The Association of Pre-S/S Gene Mutations and Hepatitis B Virus Vertical Transmission.

作者信息

Yin Yuzhu, Zhang Peizhen, Tan Zhangmin, Zhou Jin, Wu Lingling, Hou Hongying

机构信息

Department of Obstetrics and Gynecology, Third Affiliated Hospital, Sun Yat-Sen University, Guangzhou, China.

出版信息

Hepat Mon. 2016 Mar 6;16(3):e32160. doi: 10.5812/hepatmon.32160. eCollection 2016 Mar.

Abstract

BACKGROUND

HBV Pre-S/S gene mutations can occur before or after implementation of combined vaccination program. HBV Prs-S/S gene mutation is a risk factor of vaccination failure and frequently causes HBV vertical transfection.

OBJECTIVES

To assess the association of hepatitis B virus (HBV) S gene mutations with vertical transmission.

PATIENTS AND METHODS

In this prospective nested case-control study, a total of 60 pregnant women with positive serum HBsAg and HBV DNA ≥ 10(7) IU/mL were divided into a case group (15 cases with vaccination failure) and a control group (45 cases with vaccination success) according to whether their infants tested positive for HBV infection.

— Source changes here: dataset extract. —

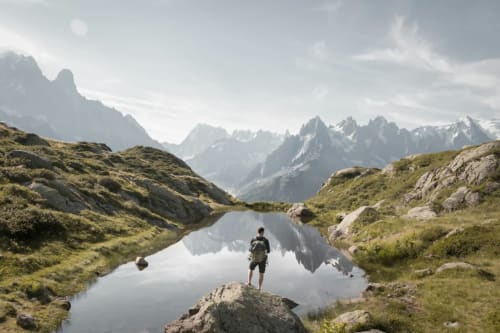 Randonneur admirant un lac alpin avec des montagnes enneigées, L'écrin des sapins, Aime-la-Plagne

Mothers and their children in the case group were further sub-divided into groups including mothers, newborns and infant (the same newborns at age of seven months). The pre-S/S gene mutations were detected by PCR and sequenced and its association with vertical transmission of HBV was analyzed.

RESULTS

HBV genotype B was the dominant genotype in the both groups' mothers. Each mother-child pair in case group had the same HBV genotype. There were no significant differences in mutation frequencies of HBV Pre-S/S gene between case and control groups' mothers (Fragment 1 (M): 2 vs. 4, P > 0.05; Fragment 2 (M): 10 vs. 10, P > 0.05), or among the mothers, newborns and infants in the case group (Fragment 1 (M): 2, 2, and 3, respectively, P > 0.05; Fragment 2 (M): 10, 10 and 10 respectively, P > 0.05). Mutation site analysis of the both groups' mothers demonstrated 108 different mutation sites in the HBV pre-S/S gene, with 105 silent mutations and 5 missense mutations including ntA826G, ntC531T, ntT667C, ntC512T and ntC546A. Among 15 mother-newborn-infant pairs with successful PCR and sequence in case group, 7 (41.17%) mother-newborn pairs, 9 (60.00%) mother-infant pairs and 3 (20.00%) infant-newborn pairs had different mutation sites.

CONCLUSIONS

HBV in children due to vaccination failure was resulted from vertical transmission. HBV Pre-S/S gene mutations were prevalent and could occur before or after vaccination. Therefore, simply analyzing mutation frequency of HBV gene was not of value. To advance blocking HBV vertical transmission, future studies should focus on specific mutation sites, potentially associated with vaccination failure.

摘要

背景

乙肝病毒(HBV)前S/S基因突变可发生在联合疫苗接种计划实施之前或之后。HBV前S/S基因突变是疫苗接种失败的一个危险因素,并经常导致HBV垂直传播。

目的

评估乙肝病毒(HBV)S基因突变与垂直传播之间的关联。

患者和方法

在这项前瞻性巢式病例对照研究中,共有60例血清HBsAg阳性且HBV DNA≥10⁷IU/mL的孕妇,根据其婴儿HBV感染检测是否呈阳性,分为病例组(15例疫苗接种失败)和对照组(45例疫苗接种成功)。病例组的母亲及其子女进一步细分为母亲、新生儿和婴儿组(7个月大时为同一新生儿)。通过聚合酶链反应(PCR)检测前S/S基因突变并进行测序,分析其与HBV垂直传播的关联。

结果

两组母亲中,HBV B基因型均为主要基因型。病例组中每对母婴具有相同的HBV基因型。病例组和对照组母亲之间,以及病例组母亲、新生儿和婴儿之间,HBV前S/S基因突变频率均无显著差异(片段1(母亲):2例对4例,P>0.05;片段2(母亲):10例对10例,P>0.05)。两组母亲的突变位点分析显示,HBV前S/S基因中有108个不同的突变位点,其中105个为沉默突变,5个为错义突变,包括ntA826G、ntC531T、ntT667C、ntC512T和ntC546A。病例组中15对母婴成功进行PCR和测序,其中7对母婴(41.17%)、9对母亲与婴儿(60.00%)和3对婴儿与新生儿(20.00%)的突变位点不同。

结论

疫苗接种失败导致儿童感染HBV是由垂直传播引起的。HBV前S/S基因突变普遍存在,可发生在疫苗接种之前或之后。因此,单纯分析HBV基因突变频率并无价值。为进一步阻断HBV垂直传播,未来研究应关注与疫苗接种失败可能相关的特定突变位点。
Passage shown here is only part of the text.